Les grandes avancées des lois sur le logement ont eu lieu lorsqu'existait un ministre de plein exercice ayant l'oreille du Premier ministre ou un poids politique personnel, et jamais à d'autres moments.

La loi Alur a réglé des dispositions qui étaient en souffrance depuis vingt-cinq ans : ainsi, les droits de vote dans les copropriétés n'avaient jamais été à l'agenda du ministère de la justice, alors compétent sur ce sujet. Grâce à un accord politique avec Christiane Taubira, je m'en suis occupée, et cela s'est bien passé.

Je crois fondamentalement à la politique et à l'utilité des ministres lorsqu'ils ont une certaine autonomie, qu'ils ne sont pas seulement des porte-voix lisant des éléments de langage, et qu'ils ont un cabinet ministériel suffisamment robuste pour dépasser les habitudes de l'administration. Je suis profondément convaincue de l'efficacité de la politique. Il n'y a pas de contradiction à ce qu'il y ait deux ministères.

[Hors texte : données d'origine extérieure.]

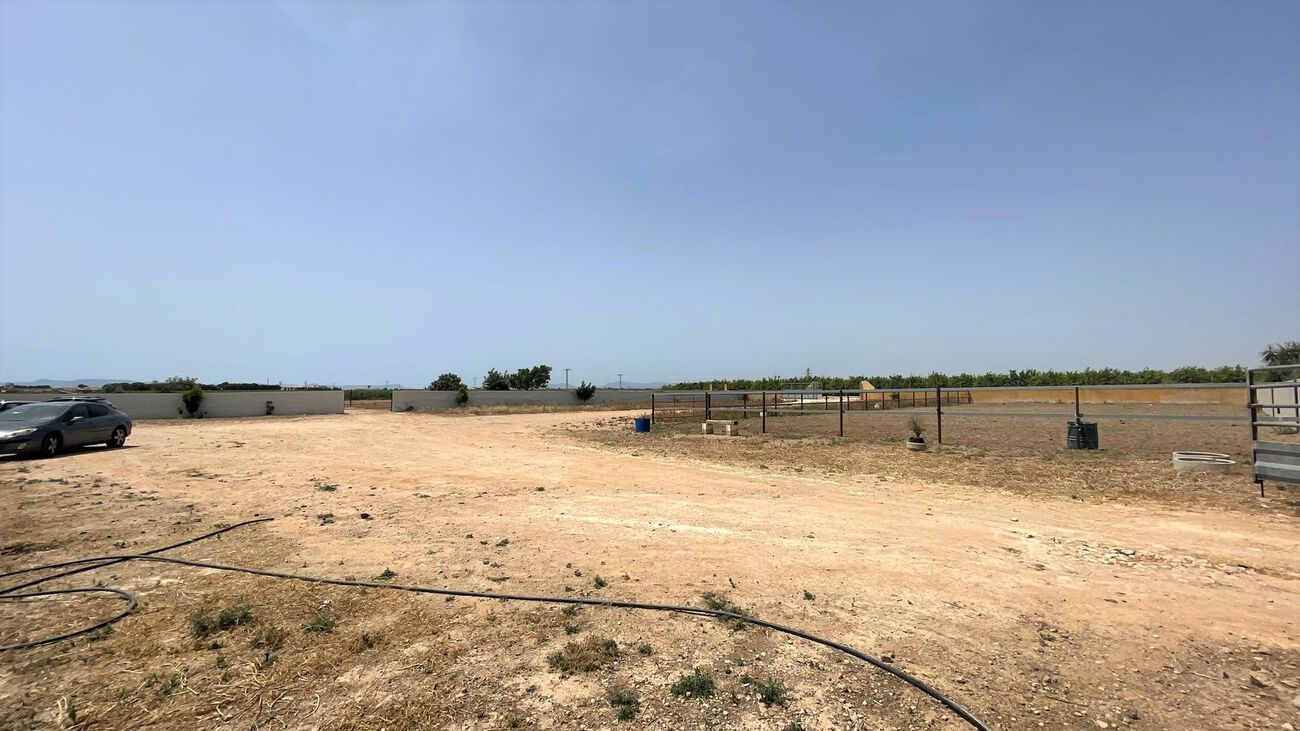 Comercial en venta en Balsicas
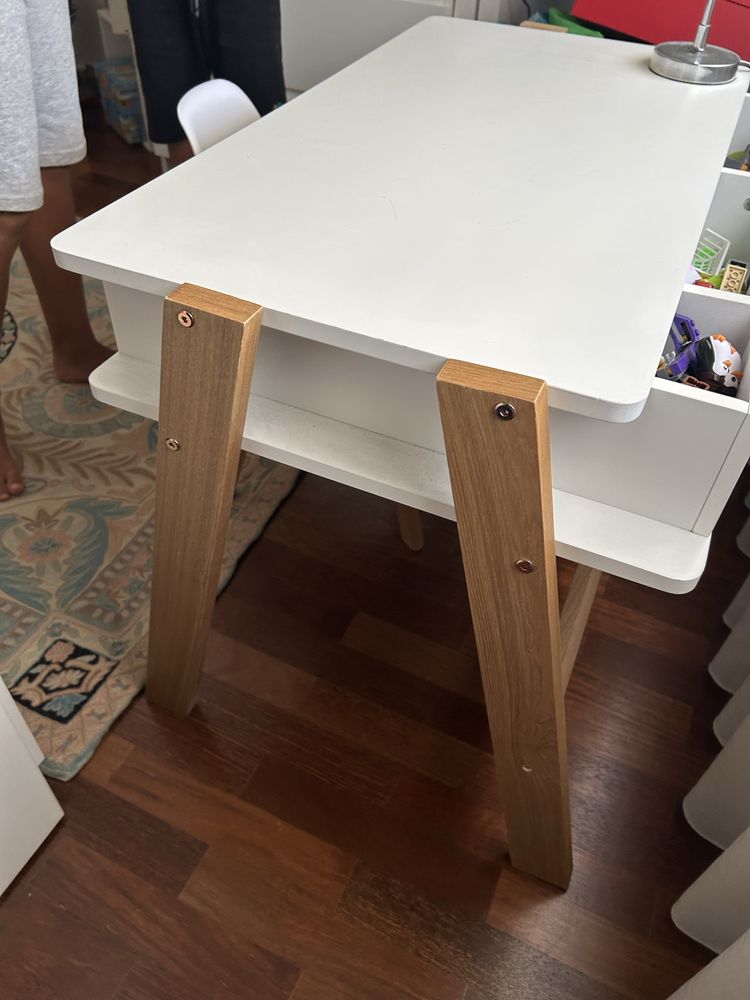 Secretaria e cadeira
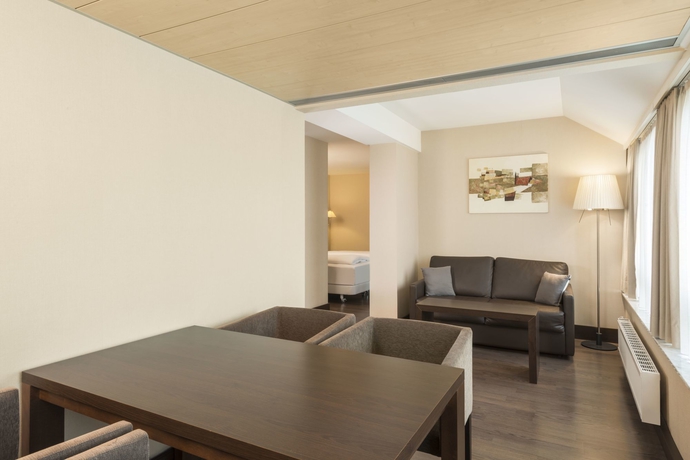 Imagen de la habitación del Hotel Nh Düsseldorf Königsallee. Foto 9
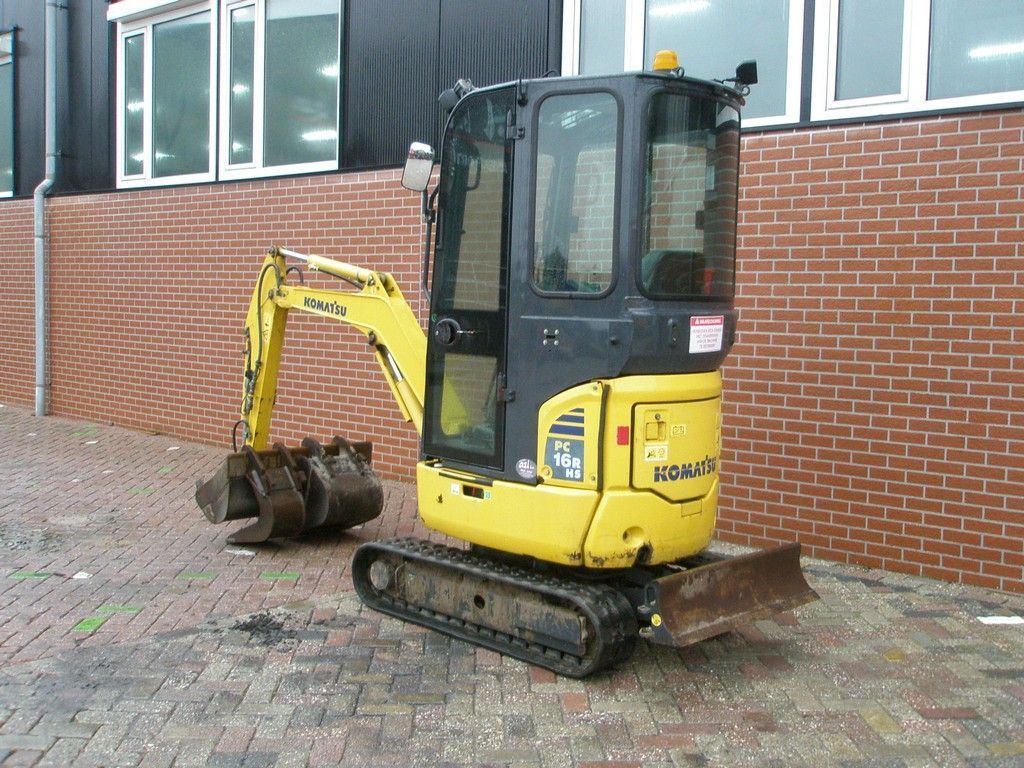 Komatsu PC16R-3HS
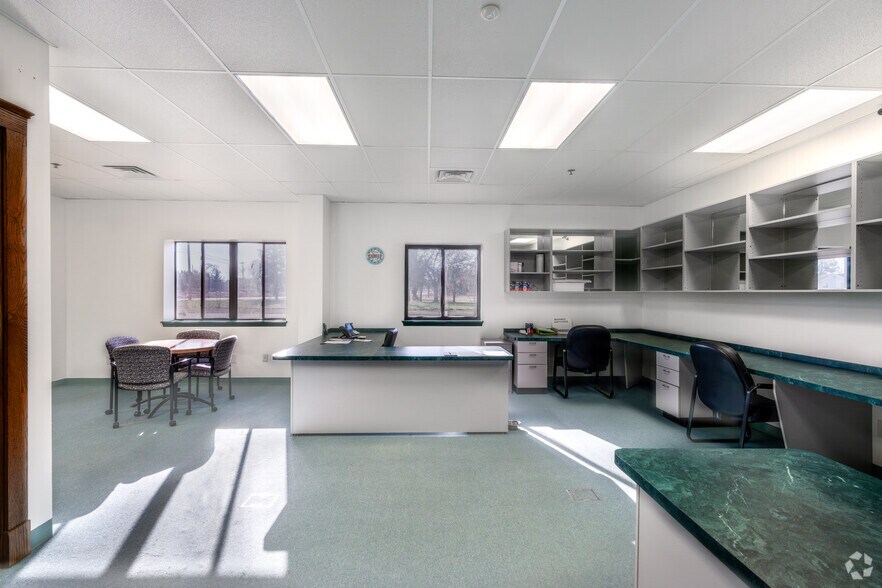 More Photos Of 1980 S West Blvd, Vineland Manufacturing For Sale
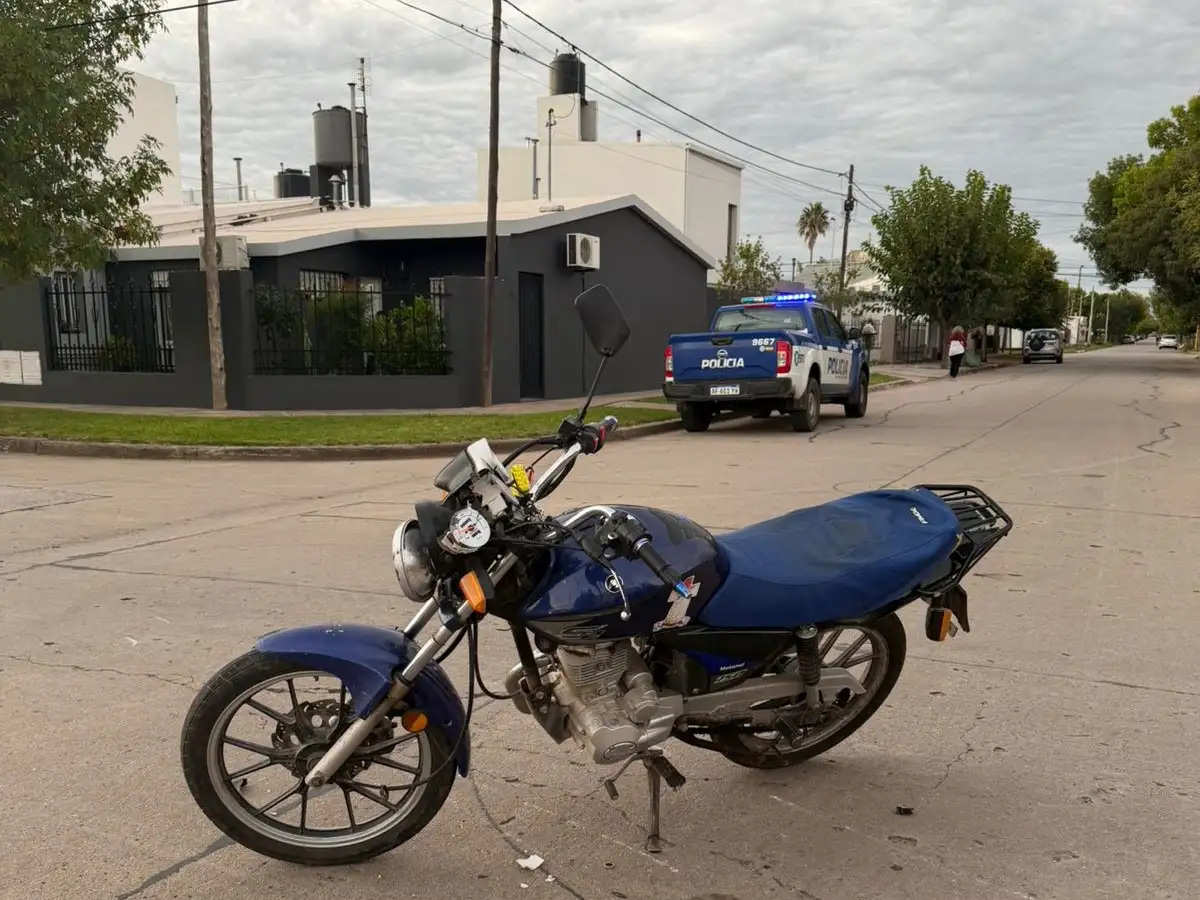 Una de las motocicletas involucradas en el choque.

Depuis que l'énergie est intégrée au ministère de l'écologie, l'espace de travail de celui-ci est suffisamment vaste pour qu'il soit occupé par d'autres sujets. Avoir seulement un troupeau de secrétaires d'État dont les directeurs de cabinet sont membres de son propre cabinet n'est pas très utile. Mais, si les gens travaillent en bonne intelligence, c'est bien plus efficace. Mon expérience l'a montré. Je n'ai pas eu de difficultés à travailler avec Philippe Martin ni avec Delphine Batho, même si nous sommes toutes deux des personnalités assez fortes et autonomes. Lorsque vous passez des accords politiques avec des personnes solides, vos politiques publiques sont plus efficaces.

Tout cela explique la création de MaPrimeRénov'. Quand on réduit une politique, on essaie de la rhabiller : on a prétendument mis fin au guichet unique pour gagner en souplesse...

Dans l'histoire récente, nous avons eu, durant ces six mois, 1,2 milliard d'euros sur la table, un seul numéro de téléphone, un pilotage par l'Anah. Même si cela n'a pas duré longtemps - cela aurait peut-être pu se maintenir si j'étais restée plus longtemps en poste -, cela a marché. Voilà la bonne méthode.

Le passeport est la même chose que le fonds travaux. En matière de politique publique du logement ou de gestion des travaux, il faut prendre en compte le facteur temps : rien ne se fait instantanément. Alors que l'on peut changer les règles du chômage du jour au lendemain, pour rénover une copropriété, entre la première assemblée générale de copropriété et la fin des travaux s'écoule au minimum deux ans. Il faut un management du temps, et savoir gérer la durée. Peut-être pouvez-vous mettre en lumière ce point. Sans durée et sans constance, cette politique publique ne peut pas fonctionner. Lorsqu'elle est l'otage des annonces ou du rhabillage budgétaire, avec un nouveau nom et une microcampagne de publicité, cela ne peut pas marcher.

S'agissant des travaux uniques, j'entends le discours des écologistes sur la vision globale. C'est pour cela que nous avons eu l'idée de passeports, pour savoir par quoi commencer lorsque l'on ne peut pas tout rénover d'un coup - les fenêtres, le jour sous la porte... Il n'y a pas de règles, et il faut s'adapter à chaque bâtiment. Nous avons besoin de durée, de constance et d'expertise. Certains bâtiments doivent être isolés par l'extérieur, mais, pour d'autres, c'est absurde. L'isolation par l'intérieur peut réduire le nombre de mètres carrés, donc la valeur du patrimoine. Il faudrait peut-être pondérer cette valeur entre la qualité énergétique du bâtiment et le nombre de mètres carrés.